Omit every picture, and retype the lines that run from the beginning of the data below through the line containing "Majatalo Hostal El Molino", inclusive.

[Captioned web image data]
= = =

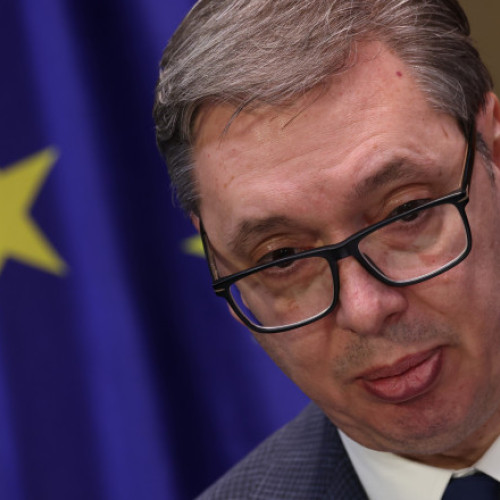Aleksandar Vucic, președintele Serbiei, va efectua miercuri o vizită în Ucraina, fiind prima astfel de deplasare pentru liderul serb, care a păstrat relații bune cu Moscova de la începutul războiului din februarie 2022. Anunțul a fost făcut de președinție într-un comunicat oficial.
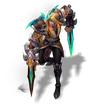 Zed ImmortalJourney (Catseye)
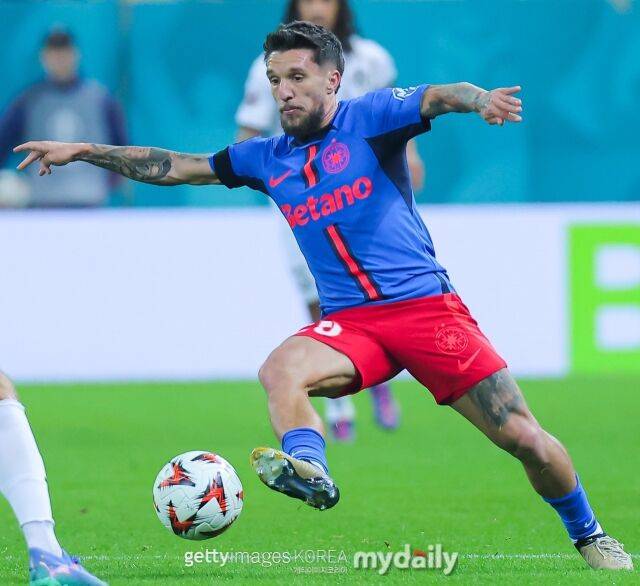 알렉산드루 벌루처./게티이미지코리아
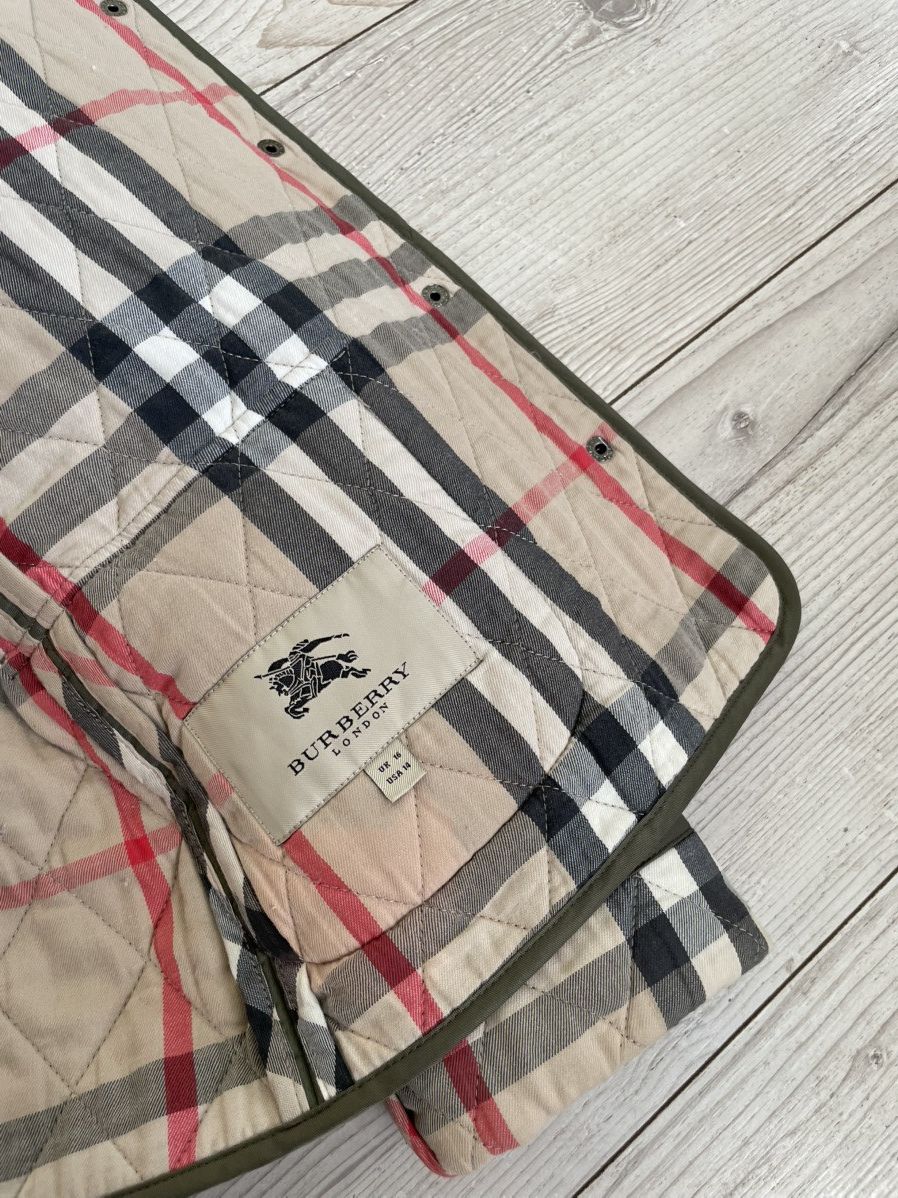 Burberry × Vintage Burberry Jacket Size XL / US 12-14 / IT 48-50 - 13 Thumbnail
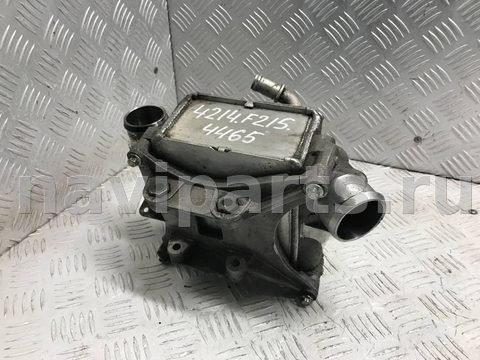 Интеркулер Ford C-Max, 2008 г., арт. 4214F2154465, фото 2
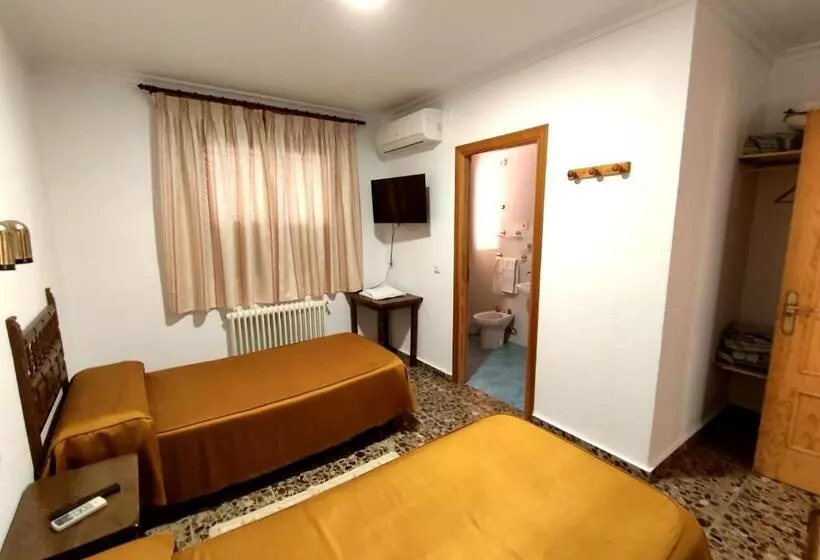 Majatalo Hostal El Molino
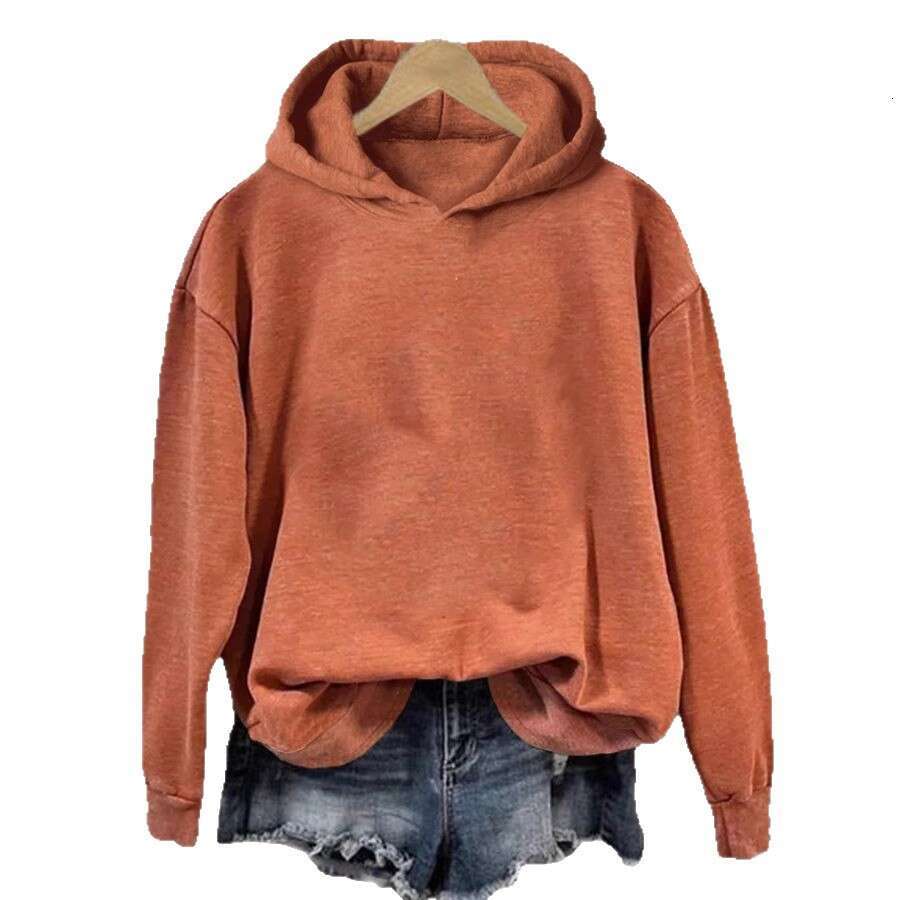 Travel Hoodie Unisex Wrinkle Resistant Soft Fabric Comfortable Trip Leisure Clothes Custom-made from a provided image, Fall/Winter new women's Eu - view 6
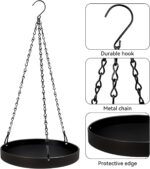 Plant Hanger Indoor Outdoor, Hanging Planter Baskets for Outdoor Indoor Plants, ... - Image 5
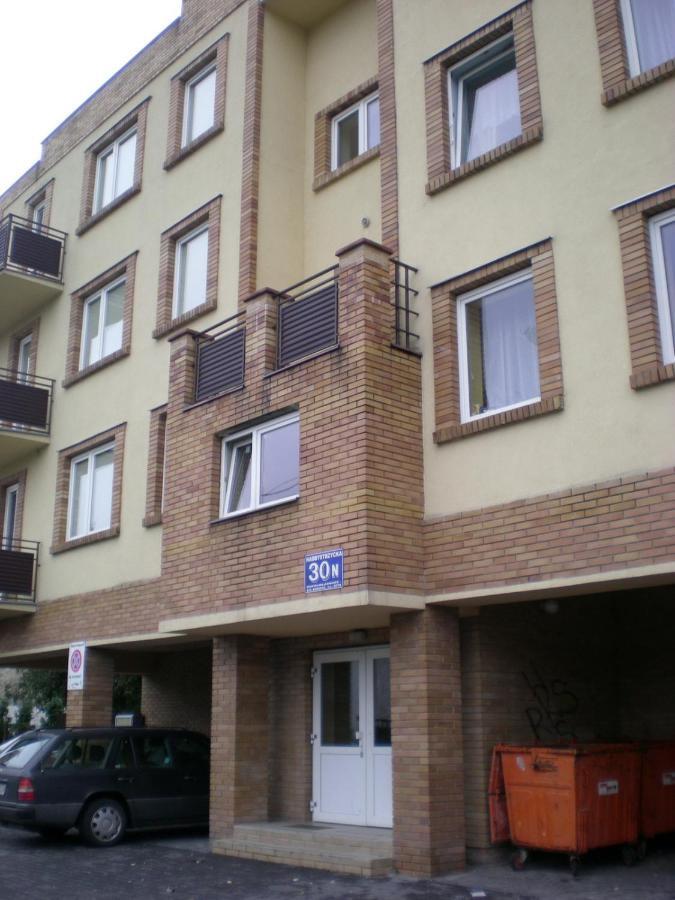 Apartament Nadbystrzycka No. 13 Lublin Luaran gambar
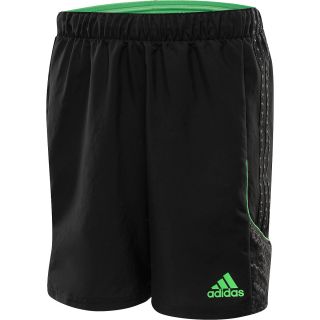 adidas Mens Speedkick Soccer Shorts   Size Xl, Pink Pow/black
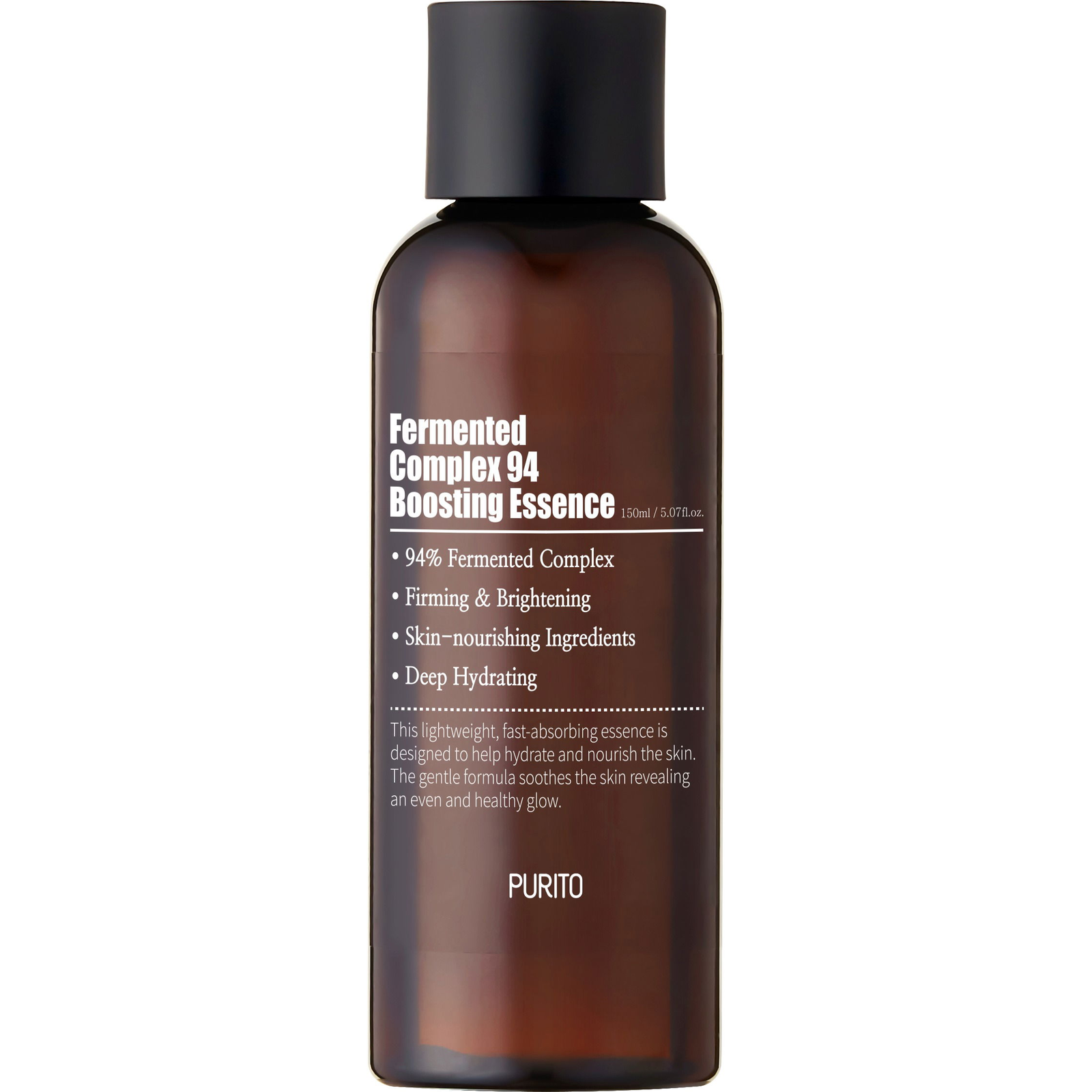 PURITO Fermented Complex 94 Boosting Essence 150 ml (8809563102006)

= = =

### TASK RESPONSE
Aleksandar Vucic, președintele Serbiei, va efectua miercuri o vizită în Ucraina, fiind prima astfel de deplasare pentru liderul serb, care a păstrat relații bune cu Moscova de la începutul războiului din februarie 2022. Anunțul a fost făcut de președinție într-un comunicat oficial.
 Zed ImmortalJourney (Catseye)
 알렉산드루 벌루처./게티이미지코리아
 Burberry × Vintage Burberry Jacket Size XL / US 12-14 / IT 48-50 - 13 Thumbnail
 Интеркулер Ford C-Max, 2008 г., арт. 4214F2154465, фото 2
 Majatalo Hostal El Molino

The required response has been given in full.